We hypothesized that the more involved in athletics you are, the more sporting events you will attend. This means that if you are a varsity or club/intramural athlete, you should go to more games.
This hypothesis was supported by our data.
We also hypothesized that varsity athletes have more school spirit. This hypothesis was supported by the data.
The most significant weakness in our methodology was the way we attained survey responses. To encourage people to take our survey, we posted it to our Facebook pages and the Macalester Class of 2015 and 2016 pages. If we wanted our survey to be representative of the Macalester student body, we should have randomly selected people from the entire student body. Instead, our respondents were largely part of our own social networks. This may not have been too much of a problem if each of us spent time in different circles, but since our group had prior connections, our networks largely overlap each other. By posting our surveys on the Class of 2015 and 2016 Facebook pages, we ensured that mostly these classes would answer the survey – indeed, 112 second years and 83 first years took the survey, while only 10 juniors and 11 seniors participated.
Our sample population is also less diverse than it should be because each of the demographic composition of our group. Each of us is a science/math major, so it’s likely that the respondents were disproportionately science math/majors.
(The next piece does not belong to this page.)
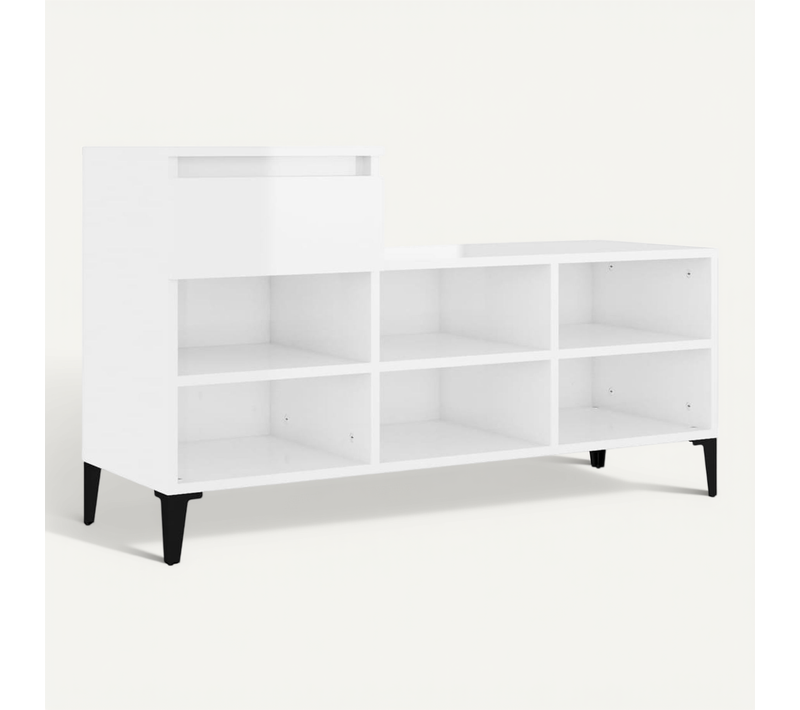 Armoire à Chaussure Blanc Brillant 102x36x60 Cm Bois Ingénierie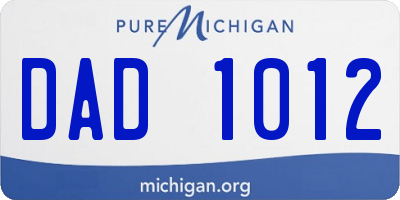 MI license plate DAD1012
Because of the way we set up our “major” question, we weren’t able to establish a relationship between major other variables. Our study would benefit by finding a link between major and participation in athletics and game attendance, so we would likely allow people to pick only a “primary major” so it was easier to find relationships.
There are also issues with the proportion of athletes that took our survey. Since none of our groups members are Macalester athletes, this may mean that there are a disproportionate number of non-athletes who took the survey. However, since the subject of the survey is “Athletic Spirit,” there may also be a self selection bias and athletes may be more interested in taking the survey.
Again, all these problems could be solved with a better distribution system for our survey to get a good mix of classes, majors, athletes/non-athletes etc. Even if we didn’t have the large sample of 217 respondents, the sample would be more reflective of the general student body, which was ultimately our goal.